Hannoch and I met 23 years ago. He had a little boy, I had a little girl. We took the scraps of our lives, put them together and made a beautiful new family.
Now my little girl is married and has two little boys, and Hannoch’s little boy is newly married too, but that’s another story…
After we met and got married, Hannoch told me that when his son, Shaul, was two years old and his family fell apart, he wrote a story to light up the darkness around him. A story about Naomi (Na’ama in the original story), a hardworking seamstress, that is charged by her boss with making a special bed sheet for a special boy, Shaul. Naomi is stumped by the request at first, but then has an idea: she will decorate the sheet with pictures of animals. She goes to the zoo, where she encounters animals who evade her request under various pretexts. She doesn’t give up and eventually collects the pictures and makes the sheet.
After hearing the story, I explained to Hannoch that actually Naomi makes a quilt, not a sheet, and we went on with our life.
Fast forward to three years ago: Hannoch tells me that he dreams of publishing the story of Naomi.
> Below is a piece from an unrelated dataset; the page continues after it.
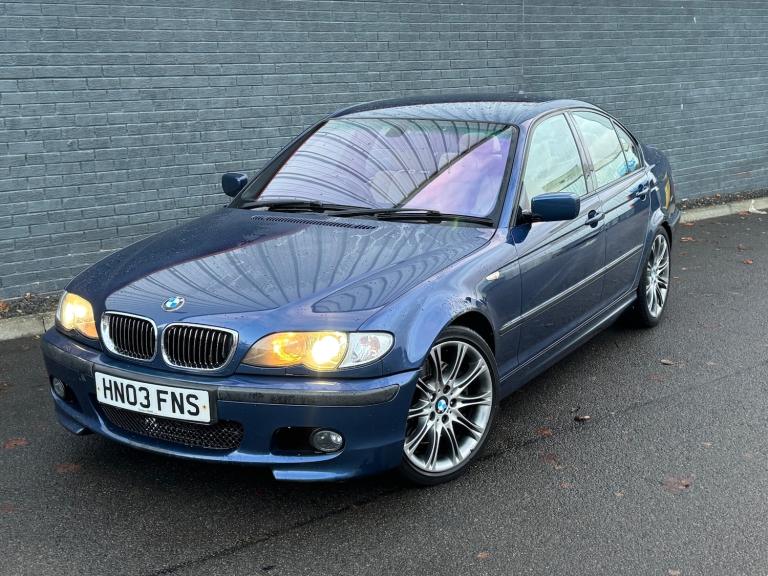 BMW E46 3 SERIES 330i M Sport 4dr Auto, 123k Miles, Mystic Blue, MOT 1 Year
We start looking for illustrators. Then it dawns on me – if Naomi makes a quilt, wouldn’t it be a wonderful idea to illustrate the book using quilting techniques and to finally make Shaul’s quilt? So I started my journey to illustrate the book. It was difficult as I’m not an illustrator and my drawing skills are rather basic. Using pictures for reference I managed to create a couple of illustrations, struggling with textile technique as well.
But when I got to the animals, I was at a complete loss. It just didn’t work. I procrastinated and was in pain over it. A year ago I set a deadline: the book will be Hannoch’s 60th birthday present in July 2018. But setting a deadline does not an illustrator make… It was weighing on me more and more. And then after a conversation with a wise friend I understood that the book is more important than who illustrates it. I searched for an illustrator, found the very talented Tanja Russita, and contracted her to draw the illustrations with water colors. Then I had the illustrations printed on fabric and made the quilt!
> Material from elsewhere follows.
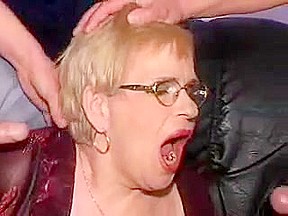Granny Receives Double Permeated With Facial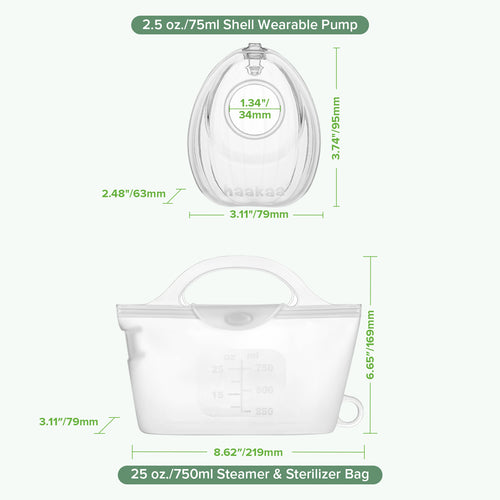 Shell Pump & Steriliser Bag Combo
Yesterday we started a crowd funding campaign to finish the book and publish it. It’s a dream come true. Well, almost. We keep our fingers crossed for the campaign to succeed…
And now to the title of the blog post. Only in the last years we realized that Hannoch wrote the story of the slightly naive, endlessly optimistic Naomi and her quilt about me. He actually invented me and brought me to (his) life. And now I took his dream and made both the book and the quilt real for him, closing this wonderful circle.